Lighthouse Beach Port Macquarie

Despite the treacherous journey to the lighthouse, it was definitely worth our efforts for the miles of beaches we got to see and the impressive lighthouse and panoramic views that came with it. I would recommend the bike hire if you’re staying at Ozzie Pozzie as it is so cheap and provides a unique way of getting around Port Macquarie, just stick to the roads!

Luckily, on the return journey, we learnt from our mistake and stayed on the roads, getting back in no more than half an hour!

Port Macquarie Lighthouse Bike Ride

Port Macquarie Lighthouse

A Sub-Tropical Adventure

For our final day in Port Macquarie, the rain made an appearance. This didn’t ruin our plans of seeing the sub-tropical rainforest but instead enhanced the experience. After another early start, we walked in the same direction we had cycled the day before until we reached the start of the Sea Acres Rainforest walk.

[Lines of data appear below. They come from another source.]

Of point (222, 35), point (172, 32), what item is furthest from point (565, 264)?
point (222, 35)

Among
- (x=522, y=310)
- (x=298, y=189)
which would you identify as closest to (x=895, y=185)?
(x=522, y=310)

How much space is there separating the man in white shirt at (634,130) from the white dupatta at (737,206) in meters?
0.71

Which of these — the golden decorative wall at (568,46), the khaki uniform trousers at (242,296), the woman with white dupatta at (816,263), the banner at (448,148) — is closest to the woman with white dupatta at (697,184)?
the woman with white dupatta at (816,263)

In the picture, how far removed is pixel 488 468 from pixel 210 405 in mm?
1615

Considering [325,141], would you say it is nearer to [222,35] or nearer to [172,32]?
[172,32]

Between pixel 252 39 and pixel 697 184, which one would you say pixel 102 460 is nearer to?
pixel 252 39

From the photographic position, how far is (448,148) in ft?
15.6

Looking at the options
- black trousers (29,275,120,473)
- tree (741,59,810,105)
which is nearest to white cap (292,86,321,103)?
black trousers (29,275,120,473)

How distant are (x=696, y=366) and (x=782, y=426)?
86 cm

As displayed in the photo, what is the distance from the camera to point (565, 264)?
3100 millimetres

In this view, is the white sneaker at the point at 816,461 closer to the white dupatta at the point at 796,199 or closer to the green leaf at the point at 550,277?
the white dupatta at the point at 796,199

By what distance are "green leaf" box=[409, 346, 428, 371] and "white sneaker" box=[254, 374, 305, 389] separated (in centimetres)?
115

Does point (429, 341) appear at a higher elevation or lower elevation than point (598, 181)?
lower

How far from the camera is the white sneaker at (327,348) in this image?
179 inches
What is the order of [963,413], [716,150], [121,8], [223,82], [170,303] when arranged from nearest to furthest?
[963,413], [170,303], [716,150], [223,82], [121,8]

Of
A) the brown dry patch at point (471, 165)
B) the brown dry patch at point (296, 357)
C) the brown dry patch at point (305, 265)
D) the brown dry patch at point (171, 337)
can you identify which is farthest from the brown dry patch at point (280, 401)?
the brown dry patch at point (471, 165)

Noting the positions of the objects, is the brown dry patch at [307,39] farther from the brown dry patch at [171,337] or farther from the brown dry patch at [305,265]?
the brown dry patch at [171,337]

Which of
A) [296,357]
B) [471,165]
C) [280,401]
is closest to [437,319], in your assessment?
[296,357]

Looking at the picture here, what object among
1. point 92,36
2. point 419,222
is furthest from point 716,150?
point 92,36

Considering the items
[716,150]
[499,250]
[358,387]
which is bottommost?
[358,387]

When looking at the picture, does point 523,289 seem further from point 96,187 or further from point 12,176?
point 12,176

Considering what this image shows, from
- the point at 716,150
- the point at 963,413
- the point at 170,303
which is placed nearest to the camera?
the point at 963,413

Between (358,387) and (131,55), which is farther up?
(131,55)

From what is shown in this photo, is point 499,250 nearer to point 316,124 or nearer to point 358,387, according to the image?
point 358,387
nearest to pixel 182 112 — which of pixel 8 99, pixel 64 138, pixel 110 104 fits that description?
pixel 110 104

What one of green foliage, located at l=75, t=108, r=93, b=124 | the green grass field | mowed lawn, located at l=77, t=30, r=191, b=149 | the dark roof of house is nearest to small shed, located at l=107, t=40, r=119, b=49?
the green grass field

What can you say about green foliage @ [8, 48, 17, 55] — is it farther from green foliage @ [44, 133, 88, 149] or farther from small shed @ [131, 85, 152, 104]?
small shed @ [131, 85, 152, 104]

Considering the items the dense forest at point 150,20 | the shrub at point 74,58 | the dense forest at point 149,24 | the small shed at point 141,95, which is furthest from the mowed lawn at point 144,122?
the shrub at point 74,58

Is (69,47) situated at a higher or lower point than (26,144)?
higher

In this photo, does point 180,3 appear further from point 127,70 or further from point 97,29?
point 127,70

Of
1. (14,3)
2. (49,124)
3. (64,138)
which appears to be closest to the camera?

We paid a small entrance fee which allowed us to walk along a raised boardwalk and see the beautifully green canopy from a new perspective. With vines and palm trees at eye level and tree trunks reaching below us we really were in amongst the rainforest. Here the rain barely even touched us as the broad leaves acted as a natural shelter. After completing the walk and keeping an eye out for some interesting Aussie wildlife we headed in the direction of the hostel via the same paths we had previously walked our bikes through. This time we were able to truly appreciate the beauty of the nature that surrounded us. The contrast between the blue sea, the white sand and the green rainforest definitely reminded me just how far away from home we really were.

Sea Acres Rainforest

On returning back to the hostel we found out that it was cheap pizza and goon night so we quickly signed up. Thanks to the promise of cheap food the social area of the hostel was a lot busier than the previous two nights and we got talking to some of the staff who work for accommodation.

By the end of the night, we were full up on pizza and had finished off a few litres of goon and half a bottle of rum while playing drinking games and getting progressively louder. We also learnt that our new drunk best friend would be the minibus driver taking us to the Greyhound pick-up point the next morning.